After quitting an ANC-led government of national unity in 1996, the party lost most of its conservative white voters to the Democrats and relied on a cluster of mixed-race supporters in Western Cape province to keep its political fortunes afloat.

Advertisement

In 1997, one of its most promising leaders, Roelf Meyer, was forced to resign after he suggested that the party disband and start over from scratch. In 1998, the party’s name was changed from the National Party to the New National Party, but the “Bad Nats” reputation stuck throughout.

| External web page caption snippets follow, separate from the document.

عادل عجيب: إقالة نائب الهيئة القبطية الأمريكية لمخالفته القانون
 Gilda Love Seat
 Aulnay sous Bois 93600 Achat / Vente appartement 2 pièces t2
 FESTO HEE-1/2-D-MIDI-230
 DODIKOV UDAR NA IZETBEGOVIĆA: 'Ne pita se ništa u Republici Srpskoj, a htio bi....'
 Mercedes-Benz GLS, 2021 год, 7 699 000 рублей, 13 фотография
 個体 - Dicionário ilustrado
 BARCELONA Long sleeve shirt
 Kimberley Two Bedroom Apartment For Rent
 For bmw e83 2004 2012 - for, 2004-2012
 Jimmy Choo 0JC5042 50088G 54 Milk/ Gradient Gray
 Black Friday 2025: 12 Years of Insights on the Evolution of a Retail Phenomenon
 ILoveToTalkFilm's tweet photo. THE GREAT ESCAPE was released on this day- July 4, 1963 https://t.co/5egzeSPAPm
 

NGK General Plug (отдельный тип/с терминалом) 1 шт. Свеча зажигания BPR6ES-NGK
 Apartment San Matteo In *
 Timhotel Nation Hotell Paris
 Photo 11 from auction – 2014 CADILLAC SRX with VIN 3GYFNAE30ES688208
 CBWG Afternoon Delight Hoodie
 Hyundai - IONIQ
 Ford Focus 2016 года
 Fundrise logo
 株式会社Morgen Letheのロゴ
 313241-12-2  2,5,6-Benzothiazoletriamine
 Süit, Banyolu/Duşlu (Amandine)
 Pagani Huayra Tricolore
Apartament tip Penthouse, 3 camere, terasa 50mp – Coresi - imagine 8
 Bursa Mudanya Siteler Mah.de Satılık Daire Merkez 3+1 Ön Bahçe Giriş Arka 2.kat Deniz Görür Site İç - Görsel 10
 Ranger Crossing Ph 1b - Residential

“If the Democratic Party can sleep in the same bed as the party of old South Africa--the New National Party in this regard--then their philosophy of being democratic was just a farce,” said Nomfanelo Kota-Mayosi, spokeswoman for the ANC. “We think the alliance is based on maintaining white privilege and white interests. Why else would they be interested in joining a party that has committed so many atrocities in the history of this country?”

The merger announcement came one year after the Nationalists were trounced in parliamentary and provincial elections that saw the ANC strengthen its grip on power and the Democratic Party jump into second place as the official opposition.

The Nationalists’ support countrywide fell from 20% in 1994 to 8% in 1999, and in the party’s traditional base in the Western Cape, it held on to the provincial government only through a power-sharing agreement with the Democrats.

Leon, who hopes to bring other opposition parties into the Democratic Alliance, pushed for the merger agreement well in advance of nationwide municipal elections in November. The two parties will now be able to concentrate on defeating the ANC instead of fighting each other.

“The initiative . . . is good news for multi-party democracy in South Africa,” De Klerk said.

Advertisement

New Coalition Brings Together Past Enemies

Ironically, the new coalition brings together bitter enemies from the past: The Democratic Party is the successor to the party of Helen Suzman, for many years the lone member of Parliament to oppose the Nationalist policies of racial separation during the apartheid era.

Suzman said Sunday that South Africa has changed so profoundly in the past decade that the old divisions have become meaningless.

Nonetheless, she said, “I grit my teeth at the thought of having an ex-Nat as deputy [leader]. I will keep my beady eyes on this thing.”